Patricia Neal revenait lentement sur les écrans après une période obligée d’inactivité. Cinq ans auparavant, elle avait reçu un oscar. Là elle jouait dans l’adaptation pour le cinéma d’une pièce de théâtre populaire et dramatique, qui ne comptait trois caractères : la nomination était assurée à la fois pour des raisons sentimentales et par le prestige intrinsèque du projet.  The Subject was roses (qu’on ne peut trouver qu’en Warner Archive, sans sous-titres) est un beau film mélancolique. On peut en dire autant de la prestation de Patricia Neal, mère de famille aigrie et malheureuse que retrouve, après la guerre, un fils aimant mais désireux de se libérer de l’emprise de parents qui ne s’entendent, par ailleurs, plus et passent leur temps à se disputer (quelque part ce n’est pas sans évoquer l’intrigue d’un Lion en hiver). Le spectateur ne ressent pas du tout les atteintes de l’attaque cérébrale qui avait terrassé Patricia Neal quelques années auparavant. Sa performance est aussi fluide et assurée que toujours et elle est servie par une cinégénie qui rend son visage fascinant, autant que ses expressions ou son phrasé (sans parler du timbre rauque et intriguant de sa voix). Le rôle est moins riche que celui de son époux, joué par Jack Albertson qui recevra, ironiquement, l’oscar du meilleur second rôle masculin. Cependant le personnage aurait pu être joué de manière infiniment plus pleurnicharde ou encore hystérique. Neal donne une interprétation d’une force et d’une élégance hautaines mais jamais froides qui suggère qu’elle fut la jeune femme un peu snob qu’on devine dans le portrait que son mari fait d’elle en racontant leur rencontre à son fils.

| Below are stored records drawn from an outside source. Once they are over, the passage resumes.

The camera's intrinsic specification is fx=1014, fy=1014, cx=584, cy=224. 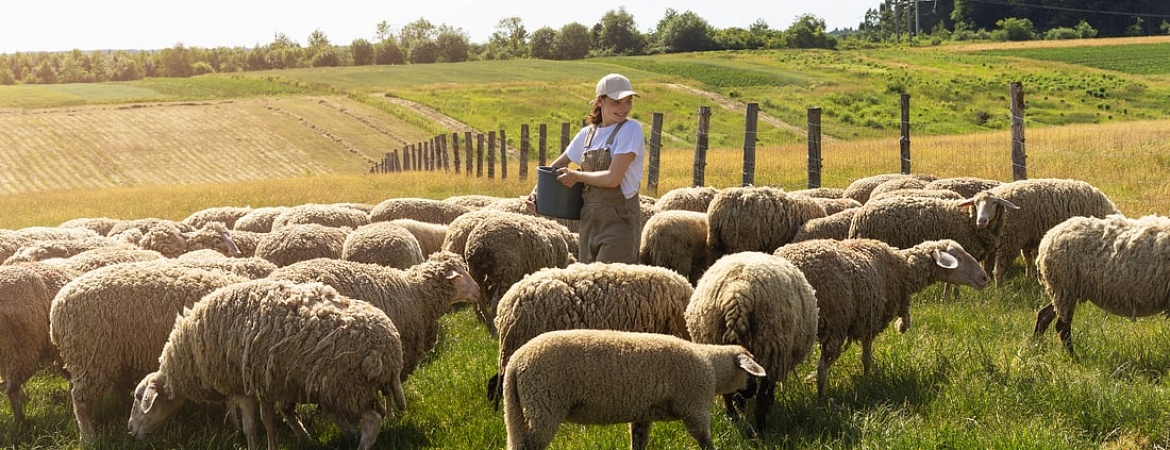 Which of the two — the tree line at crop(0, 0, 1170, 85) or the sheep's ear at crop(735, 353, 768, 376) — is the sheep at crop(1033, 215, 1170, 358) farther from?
the tree line at crop(0, 0, 1170, 85)

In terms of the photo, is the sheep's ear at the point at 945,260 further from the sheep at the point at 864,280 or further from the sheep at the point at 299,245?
the sheep at the point at 299,245

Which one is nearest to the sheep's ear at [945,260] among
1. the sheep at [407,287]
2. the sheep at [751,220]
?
the sheep at [751,220]

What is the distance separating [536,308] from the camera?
6.68 m

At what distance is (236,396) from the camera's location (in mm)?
6387

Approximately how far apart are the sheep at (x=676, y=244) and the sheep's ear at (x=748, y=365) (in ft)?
13.7

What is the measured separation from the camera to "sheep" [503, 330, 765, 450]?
5.37 meters

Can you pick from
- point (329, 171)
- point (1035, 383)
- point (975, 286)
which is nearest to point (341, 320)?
point (1035, 383)

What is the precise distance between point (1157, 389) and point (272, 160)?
158 feet

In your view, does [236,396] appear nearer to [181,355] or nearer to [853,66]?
[181,355]

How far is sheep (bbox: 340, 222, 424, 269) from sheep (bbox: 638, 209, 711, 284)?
7.49ft

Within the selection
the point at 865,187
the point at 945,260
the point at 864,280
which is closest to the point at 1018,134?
the point at 865,187

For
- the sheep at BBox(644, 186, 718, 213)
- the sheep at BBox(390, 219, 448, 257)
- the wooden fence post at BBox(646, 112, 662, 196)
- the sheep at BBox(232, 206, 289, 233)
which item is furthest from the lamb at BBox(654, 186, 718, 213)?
the sheep at BBox(232, 206, 289, 233)

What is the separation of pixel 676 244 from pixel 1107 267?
12.7 ft

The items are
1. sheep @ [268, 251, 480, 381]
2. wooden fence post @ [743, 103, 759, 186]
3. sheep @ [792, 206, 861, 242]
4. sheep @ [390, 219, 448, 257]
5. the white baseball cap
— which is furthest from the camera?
wooden fence post @ [743, 103, 759, 186] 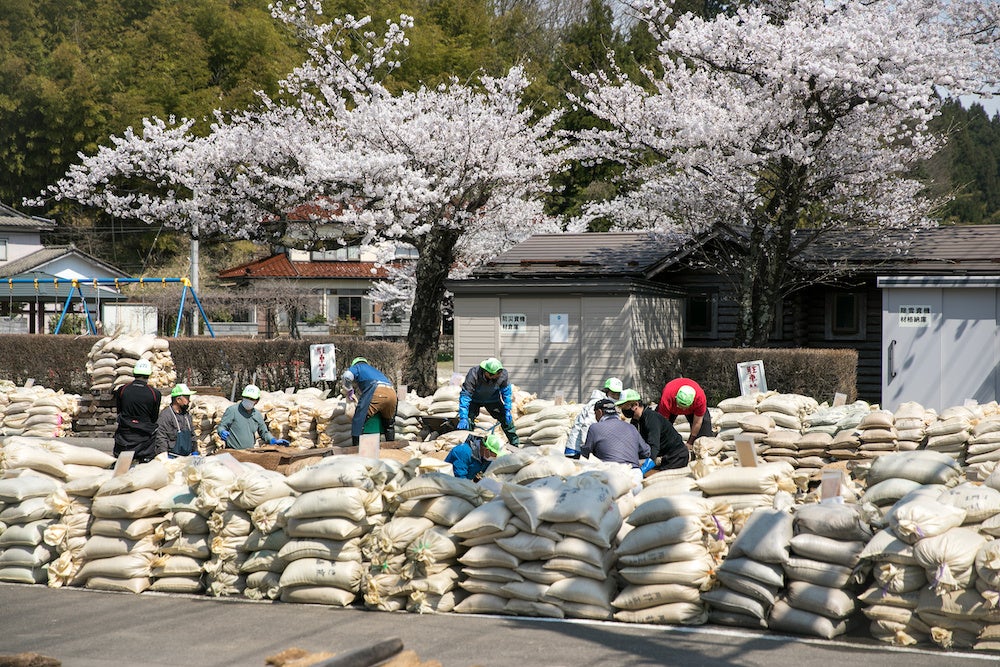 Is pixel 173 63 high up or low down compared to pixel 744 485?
up

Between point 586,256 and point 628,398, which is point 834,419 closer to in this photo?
point 628,398

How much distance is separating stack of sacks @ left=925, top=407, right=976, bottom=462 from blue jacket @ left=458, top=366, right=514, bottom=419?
4.76m

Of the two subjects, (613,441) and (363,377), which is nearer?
A: (613,441)

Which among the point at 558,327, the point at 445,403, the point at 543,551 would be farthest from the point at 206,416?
the point at 543,551

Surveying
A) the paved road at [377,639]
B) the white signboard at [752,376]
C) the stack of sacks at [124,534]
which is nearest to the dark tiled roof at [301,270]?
the white signboard at [752,376]

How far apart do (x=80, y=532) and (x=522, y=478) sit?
3.60 metres

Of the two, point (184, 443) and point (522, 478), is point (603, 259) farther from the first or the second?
point (522, 478)

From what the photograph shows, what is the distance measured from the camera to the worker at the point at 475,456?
29.3 feet

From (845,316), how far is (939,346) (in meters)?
5.38

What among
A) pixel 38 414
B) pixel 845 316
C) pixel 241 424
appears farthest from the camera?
pixel 845 316

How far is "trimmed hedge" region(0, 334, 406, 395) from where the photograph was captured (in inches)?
820

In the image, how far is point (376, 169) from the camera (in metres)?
21.4

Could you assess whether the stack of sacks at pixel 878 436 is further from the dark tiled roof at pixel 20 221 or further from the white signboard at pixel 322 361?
the dark tiled roof at pixel 20 221

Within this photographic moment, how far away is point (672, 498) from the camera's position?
23.1 ft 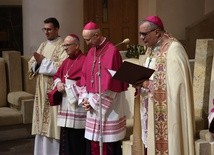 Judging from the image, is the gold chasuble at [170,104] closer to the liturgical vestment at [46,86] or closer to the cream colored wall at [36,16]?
the liturgical vestment at [46,86]

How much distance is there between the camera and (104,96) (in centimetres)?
401

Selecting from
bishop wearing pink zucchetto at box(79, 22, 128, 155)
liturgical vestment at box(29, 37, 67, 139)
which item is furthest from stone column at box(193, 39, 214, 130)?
liturgical vestment at box(29, 37, 67, 139)

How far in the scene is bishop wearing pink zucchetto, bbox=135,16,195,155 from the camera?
357cm

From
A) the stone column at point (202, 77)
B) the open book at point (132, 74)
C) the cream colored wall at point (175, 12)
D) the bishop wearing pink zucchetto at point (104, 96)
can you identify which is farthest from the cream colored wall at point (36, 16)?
the open book at point (132, 74)

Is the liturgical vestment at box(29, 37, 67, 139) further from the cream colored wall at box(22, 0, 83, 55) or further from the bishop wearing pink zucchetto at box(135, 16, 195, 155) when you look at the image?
the cream colored wall at box(22, 0, 83, 55)

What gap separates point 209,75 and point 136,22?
5407mm

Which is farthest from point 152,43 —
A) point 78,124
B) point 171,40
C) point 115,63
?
point 78,124

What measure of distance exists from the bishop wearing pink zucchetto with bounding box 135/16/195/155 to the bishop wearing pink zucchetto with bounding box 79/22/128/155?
0.34 m

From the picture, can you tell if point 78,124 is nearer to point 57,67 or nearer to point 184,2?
point 57,67

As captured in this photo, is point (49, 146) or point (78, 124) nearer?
point (78, 124)

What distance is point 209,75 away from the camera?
4902mm

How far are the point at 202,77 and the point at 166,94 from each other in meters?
1.36

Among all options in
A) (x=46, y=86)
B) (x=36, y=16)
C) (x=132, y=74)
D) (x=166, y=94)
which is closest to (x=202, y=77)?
(x=166, y=94)

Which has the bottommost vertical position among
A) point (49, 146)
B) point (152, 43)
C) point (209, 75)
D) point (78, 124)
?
point (49, 146) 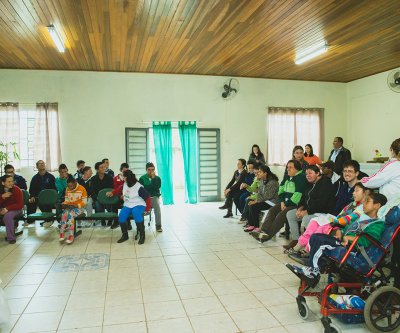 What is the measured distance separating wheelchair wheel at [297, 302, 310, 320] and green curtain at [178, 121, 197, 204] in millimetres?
5869

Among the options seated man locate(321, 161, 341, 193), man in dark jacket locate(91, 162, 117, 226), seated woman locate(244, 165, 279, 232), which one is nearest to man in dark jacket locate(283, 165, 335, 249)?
seated man locate(321, 161, 341, 193)

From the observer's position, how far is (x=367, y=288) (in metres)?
2.61

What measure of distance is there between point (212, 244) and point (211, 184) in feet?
13.0

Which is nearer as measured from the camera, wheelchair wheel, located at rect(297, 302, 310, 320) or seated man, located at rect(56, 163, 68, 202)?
wheelchair wheel, located at rect(297, 302, 310, 320)

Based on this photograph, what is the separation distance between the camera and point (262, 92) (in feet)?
29.2

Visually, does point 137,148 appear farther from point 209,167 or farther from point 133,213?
point 133,213

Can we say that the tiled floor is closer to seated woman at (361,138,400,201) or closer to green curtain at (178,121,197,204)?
seated woman at (361,138,400,201)

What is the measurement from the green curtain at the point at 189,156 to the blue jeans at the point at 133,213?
3.44 metres

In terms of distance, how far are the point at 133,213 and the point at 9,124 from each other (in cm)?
444

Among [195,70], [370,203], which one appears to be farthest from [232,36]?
[370,203]

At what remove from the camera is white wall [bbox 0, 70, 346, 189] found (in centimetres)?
781

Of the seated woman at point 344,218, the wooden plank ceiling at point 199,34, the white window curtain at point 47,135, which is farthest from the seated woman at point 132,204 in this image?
the white window curtain at point 47,135

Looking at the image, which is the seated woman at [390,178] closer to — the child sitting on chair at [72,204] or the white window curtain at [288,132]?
the child sitting on chair at [72,204]

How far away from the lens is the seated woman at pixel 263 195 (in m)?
5.30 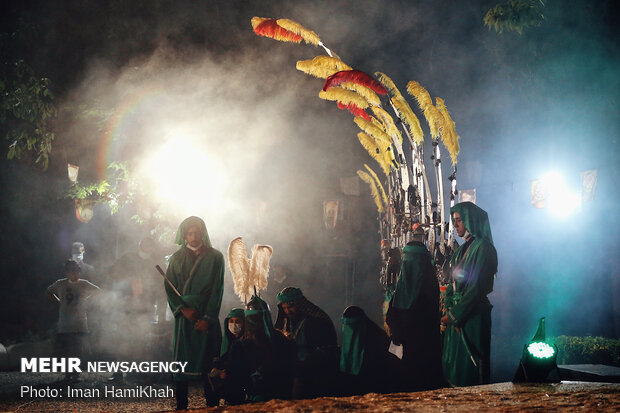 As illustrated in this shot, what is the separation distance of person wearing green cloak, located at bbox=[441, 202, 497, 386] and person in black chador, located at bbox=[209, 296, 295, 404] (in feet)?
6.42

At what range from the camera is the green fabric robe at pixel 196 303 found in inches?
237

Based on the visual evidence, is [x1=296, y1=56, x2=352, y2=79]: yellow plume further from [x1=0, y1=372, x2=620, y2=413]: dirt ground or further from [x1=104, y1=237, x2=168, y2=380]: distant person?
[x1=0, y1=372, x2=620, y2=413]: dirt ground

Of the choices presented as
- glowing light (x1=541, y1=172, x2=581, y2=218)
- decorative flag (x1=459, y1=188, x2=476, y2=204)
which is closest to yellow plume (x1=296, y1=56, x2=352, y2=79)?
glowing light (x1=541, y1=172, x2=581, y2=218)

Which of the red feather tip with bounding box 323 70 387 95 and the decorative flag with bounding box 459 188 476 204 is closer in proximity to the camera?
the red feather tip with bounding box 323 70 387 95

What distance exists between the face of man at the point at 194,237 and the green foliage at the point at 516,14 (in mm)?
9933

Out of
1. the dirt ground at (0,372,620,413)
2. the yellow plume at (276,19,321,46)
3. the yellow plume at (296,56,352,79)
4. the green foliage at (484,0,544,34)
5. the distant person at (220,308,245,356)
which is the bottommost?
the dirt ground at (0,372,620,413)

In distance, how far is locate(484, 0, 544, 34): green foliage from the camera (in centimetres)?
1239

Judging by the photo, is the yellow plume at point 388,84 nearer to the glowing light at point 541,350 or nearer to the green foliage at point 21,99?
the glowing light at point 541,350

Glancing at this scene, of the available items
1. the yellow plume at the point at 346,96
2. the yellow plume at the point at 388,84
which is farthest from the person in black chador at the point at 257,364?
the yellow plume at the point at 388,84

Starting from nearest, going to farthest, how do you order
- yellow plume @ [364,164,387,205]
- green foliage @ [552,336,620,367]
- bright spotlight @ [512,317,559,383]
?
bright spotlight @ [512,317,559,383], green foliage @ [552,336,620,367], yellow plume @ [364,164,387,205]

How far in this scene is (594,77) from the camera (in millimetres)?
13578

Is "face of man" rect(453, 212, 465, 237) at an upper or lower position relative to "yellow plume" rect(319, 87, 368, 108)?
lower

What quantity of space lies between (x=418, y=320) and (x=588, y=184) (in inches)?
433

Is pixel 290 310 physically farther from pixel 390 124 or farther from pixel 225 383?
pixel 390 124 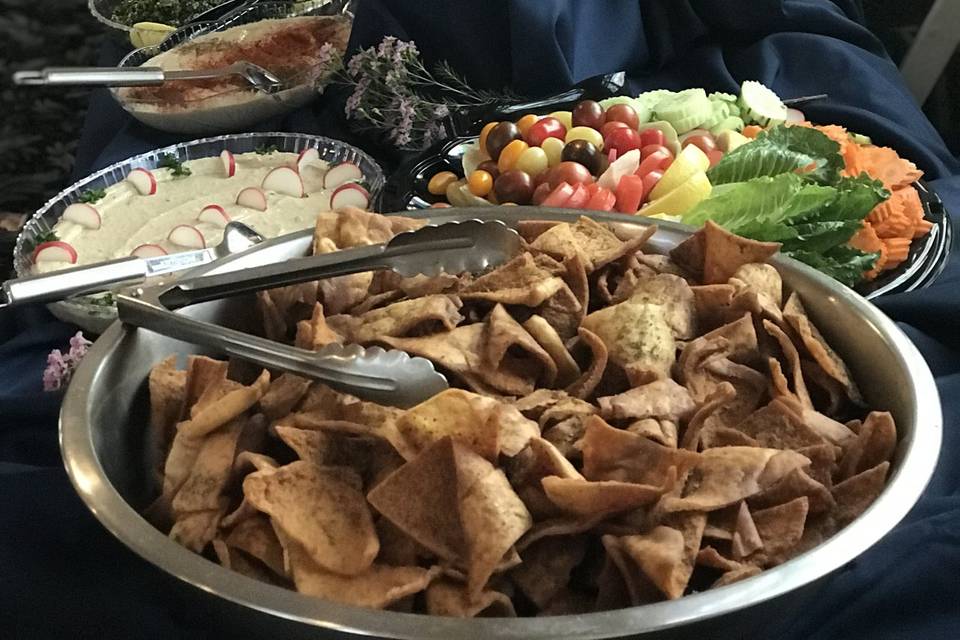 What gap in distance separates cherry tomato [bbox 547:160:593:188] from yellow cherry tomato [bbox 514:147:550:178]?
41 millimetres

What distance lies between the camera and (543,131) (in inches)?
56.0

Ses colères, injustifiées parfois, sont réellement effrayantes, mettent mal à l’aise et révèlent une violence peu attendue chez une mère de famille. Elle instaure donc quelque chose qui relève du tragique au sens (attention, je sors la grosse cavalerie) où Stephan Zweig l’entendait : dans la perspective de Patricia Neal, Netty Cleary est une femme remarquable, ou qui se pense remarquable, emprisonnée dans une vie trop étroite. Elle donne l’impression d’être capable d’à peu près tout, avec un minimum d’effets expressifs, ce qui rend le film plus poignant et plus intriguant (plus qu’il ne l’est, je crois). Sa disparition, à un moment de l’intrigue, pourrait se solder par n’importe quelle conclusion. C’est dans le regard et le visage de l’interprète que tout se joue. 

 

Deux ans après l’effroyable Morgan du même réalisateur (qui portait donc chance à son actrice), Vanessa Redgrave confirmait son statut de star internationale et gagnait à nouveau le prix d’interprétation à Cannes et une nomination aux oscars. Autant son rôle dans Morgan pouvait presque sembler périphérique autant ce biopic d’Isadora Ducan lui offre un film entier à porter sur ses solides épaules. J’ai lu qu’on lui reprochait de ne pas être une danseuse crédible. Je me demande bien ce qu’on peut lui attendre de ce point de vue et, pour ce que je connais de Ducan, les scènes de danse de Redgrave me semblent au contraire plus qu’honorablement exécutée. Les questions techniques n’embarrassait pas la danseuse, on le sait, d’autant moins à une époque où même la danse classique était moins spectaculaire, de ce point de vue, qu’aujourd’hui. Le corps athlétique et entrainée de l’actrices, ses bras à la fois sveltes et musculeux, me paraissent d’une crédibilité déjà évidente, mais, quoiqu’il en soit, je n’ai jamais eu l’impression d’une amatrice dans des scènes dansées dont elle s’est entièrement chargée, ce que la caméra du réalisateur dévoilent (ceci est un petit clin d’œil à Natalie Portman, il est vrai confrontée à beaucoup plus difficile dans une perspective physique). A part cela Redgrave, abrégeons le suspens, est exceptionnelle dans le rôle, crédible d’un bout à l’autre, y compris quand elle joue avec beaucoup de cruauté (et un maquillage finalement discret) la vieille Isadora, à la limite du ridicule. C’est dans ce dernier mot que réside vraiment une partie du talent de Vanessa Redgrave : l’exaltation d’Isadora est parfois ramenée à une candeur, une naïveté, qui est presque de la bêtise. C’est d’autant plus intéressant que Redgrave, en principe, dégage une intelligence frappante. Mais le fait est qu’elle a souvent interprété des intuitives, des sensitives, des non intellectuelles et qu’Isadora, dans cette perspective, les résume toutes et les exagère aussi. Pourtant, malgré le caractère d’énormité que Redgrave donne à certaines scènes (toutes celles avec « la grenouille » notamment), on a systématiquement l’impression que l’emphase est de toute manière l’expression naturelle et obligée du personnage, telle qu’il est expliqué par le réalisateur en tout cas. L’actrice a parfaitement compris ce qu’elle pouvait en tirer, en matière de résultats interprétatifs.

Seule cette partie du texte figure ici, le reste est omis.